November 7, 2016
William Ross, Alf Clausen honored by ASMAC
Veteran composer-arrangers receive Golden Score Awards by Jon Burlingame
LOS ANGELES—Emmy-winning composer-arrangers William Ross and Alf Clausen were honored with Golden Score Awards by the American Society of Music Arrangers and Composers (ASMAC) Sunday night at the Skirball Cultural Center.
More than 300 members of L.A.'s musical community turned out for the annual event, which was hosted by film critic Leonard Maltin.
Ross – a four-time Emmy winner whose film scores include Tin Cup, The Tale of Despereaux, The Evening Star, Tuck Everlasting and My Dog Skip – was presented with his award by John Williams (with whom Ross worked closely on Harry Potter and the Chamber of Secrets in 2002).
"As a composer, conductor, arranger and orchestrator, he is simply as good as it gets," Williams said, calling him "the most genuine, gentle and generous person you'd ever meet... truly a great man."
Composer-producer David Foster praised Ross for "dedication to his craft" and called him "brilliant beyond brilliant.

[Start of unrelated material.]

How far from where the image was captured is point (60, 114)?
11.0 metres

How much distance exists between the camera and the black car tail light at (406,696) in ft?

Bill has a way of putting the notes together the way nobody else does." Noting that Ross is a favorite of the notoriously difficult-to-please Barbra Streisand, Foster said that he deserved "the Nobel Peace Prize for Music." And he drew laughter from the crowd when he claimed his last two wives kept asking him, "Why can't you be more like Bill Ross?"
Fellow composer Alan Silvestri, for whom Ross orchestrated more than 30 films, said "things started to change for me when I started working with Bill," adding that Ross was "like a master diamond-cutter – he'd come back with a gem. It's a better industry for all of us because of you."
Director Jay Russell, who has done four films with Ross including Ladder 49, said "I wouldn't be standing here if not for you" and urged the audience to "get our your handkerchiefs" prior to a live performance by the ASMAC big band, augmented with strings, of Ross's touching music for his My Dog Skip.
Video greetings were sent by singers Streisand, Andrea Bocelli, Celine Dion, Josh Groban and Michael Bublé lyricists Marilyn and Alan Bergman; musician Kenny G, conductor Gustavo Dudamel and fellow composer Sean Callery.
Accepting the award, Ross talked about the "duality of my entire career" as both composer and arranger and praised the L.A. musicians because "we owe them so much."
Clausen received his award from his longtime music editor, Chris Ledesma. Ledesma recalled working on Moonlighting back in the 1980s, when Clausen would deliver "perfectly crafted music" despite shows being delivered late, with little time to compose and record. They have worked on The Simpsons together since Clausen's first episode, the second-season "Treehouse of Horror" in October 1990. "Alf's talent is only surpassed by his dignity and generosity," Ledesma said.
The band, accompanied by Sally Stevens' singers, performed several of Clausen's classic Simpsons songs including "The Stonecutters Song" and "Senor Burns" as well as an evocative theme Clausen wrote for a Moonlighting episode. Simpsons creator Matt Groening sent a video greeting, saying "we couldn't do without you. I wish I could be you. Way to go, Alf!"
Clausen has been nominated 30 times for Emmy awards and won twice for Simpsons music. He noted with pride that he has been able to use a 35-piece orchestra of L.A. musicians every week for more than 26 years on the series.
ASMAC president Kim Richmond said that funds raised by the dinner would go toward the organization's scholarship programs, master classes and archival activities.